_Task material_:
+++++

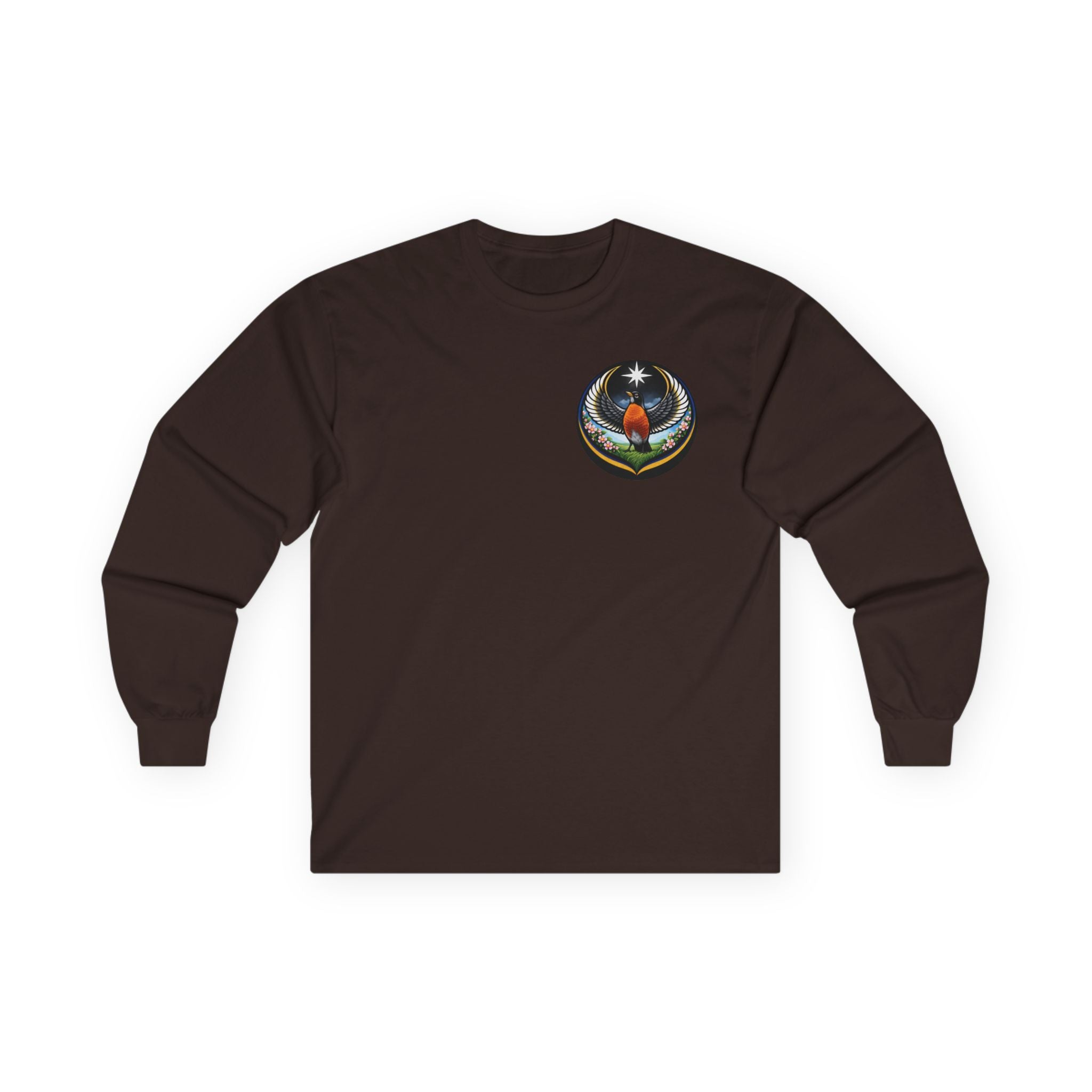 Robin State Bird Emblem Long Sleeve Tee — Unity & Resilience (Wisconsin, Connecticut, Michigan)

+++++

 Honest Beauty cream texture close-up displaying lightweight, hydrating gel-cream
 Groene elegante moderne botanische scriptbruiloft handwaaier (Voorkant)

+++++

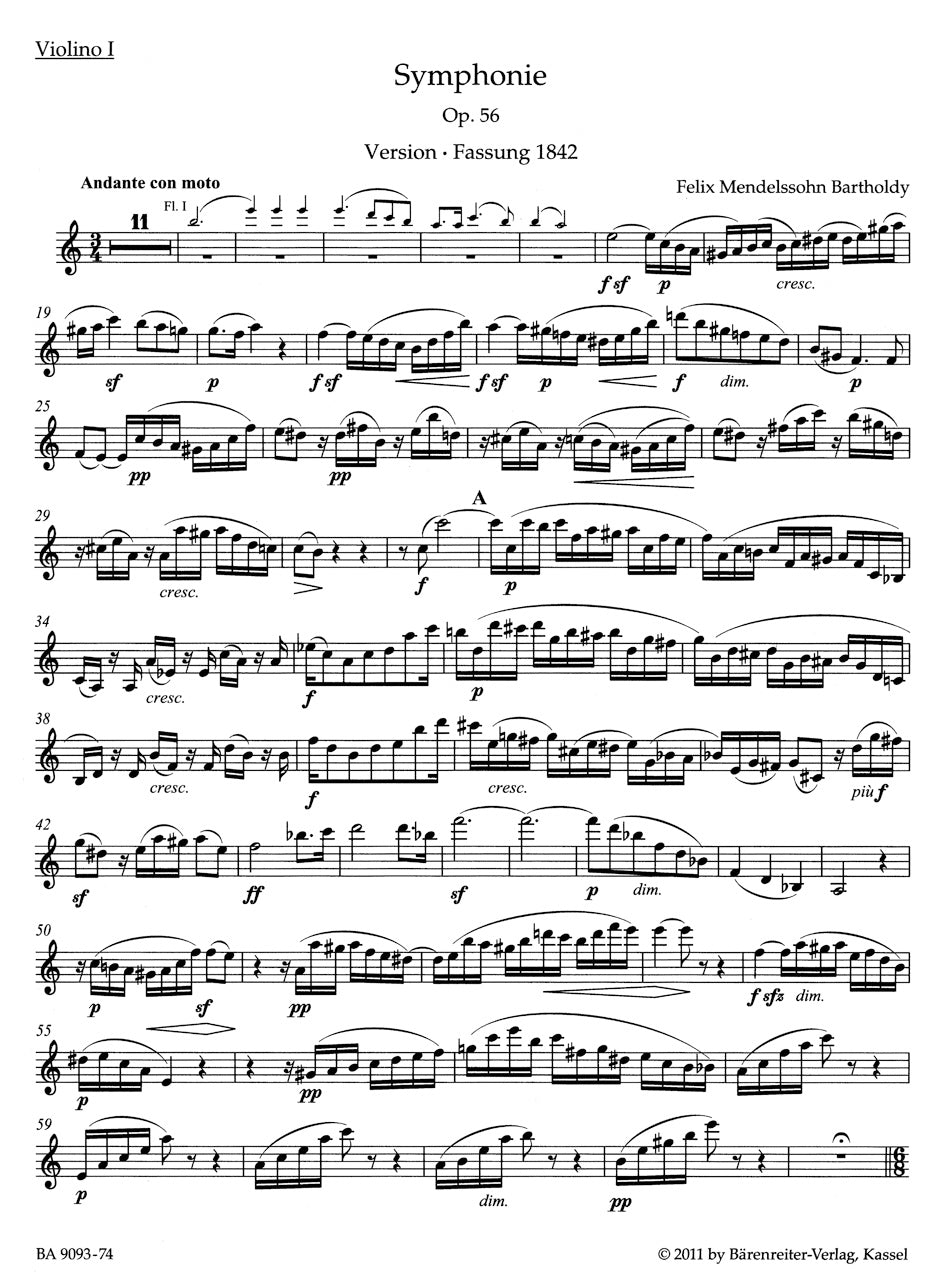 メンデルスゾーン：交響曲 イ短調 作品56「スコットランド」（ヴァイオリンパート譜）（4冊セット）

+++++

_Problem to work on_:
In the material above, locate the line containing "Honest Beauty cream" and the line containing "Groene elegante moderne". Transcribe exactly those two lines and every line between them, and nothing more.

_Output of the exercise_:
 Honest Beauty cream texture close-up displaying lightweight, hydrating gel-cream
 Groene elegante moderne botanische scriptbruiloft handwaaier (Voorkant)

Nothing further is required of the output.